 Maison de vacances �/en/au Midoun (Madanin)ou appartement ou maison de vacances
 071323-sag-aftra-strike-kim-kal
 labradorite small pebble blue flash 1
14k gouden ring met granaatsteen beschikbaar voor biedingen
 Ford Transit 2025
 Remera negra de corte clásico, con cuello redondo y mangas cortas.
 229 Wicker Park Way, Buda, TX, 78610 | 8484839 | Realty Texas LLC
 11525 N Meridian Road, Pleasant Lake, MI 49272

* * *

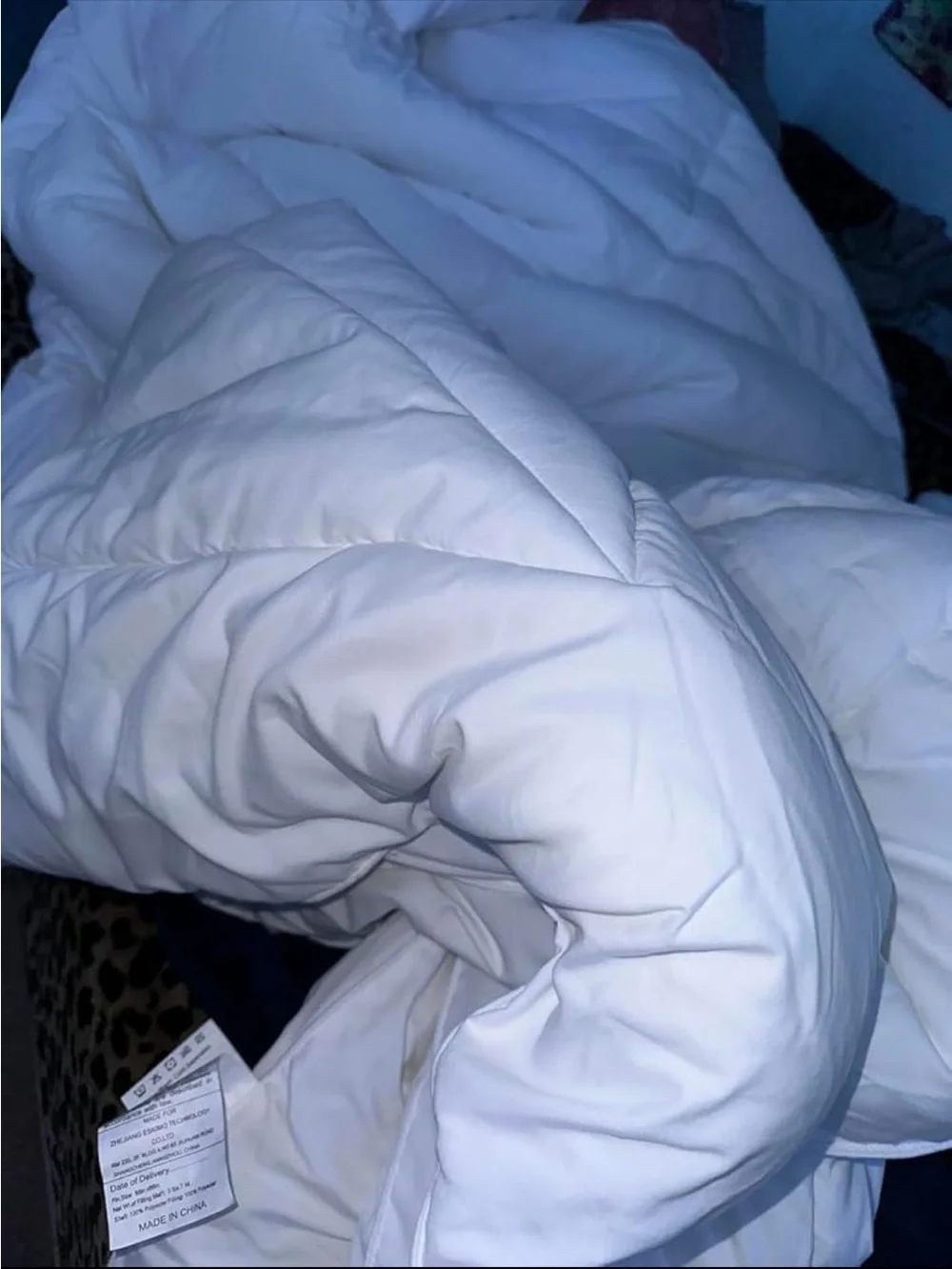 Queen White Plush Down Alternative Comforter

* * *

Task statement: Everything from the line with "Maison de vacances �/en/au" through the line with "Remera negra de" in the listing above must be retyped exactly, with nothing added.

Exercise solution:
 Maison de vacances �/en/au Midoun (Madanin)ou appartement ou maison de vacances
 071323-sag-aftra-strike-kim-kal
 labradorite small pebble blue flash 1
14k gouden ring met granaatsteen beschikbaar voor biedingen
 Ford Transit 2025
 Remera negra de corte clásico, con cuello redondo y mangas cortas.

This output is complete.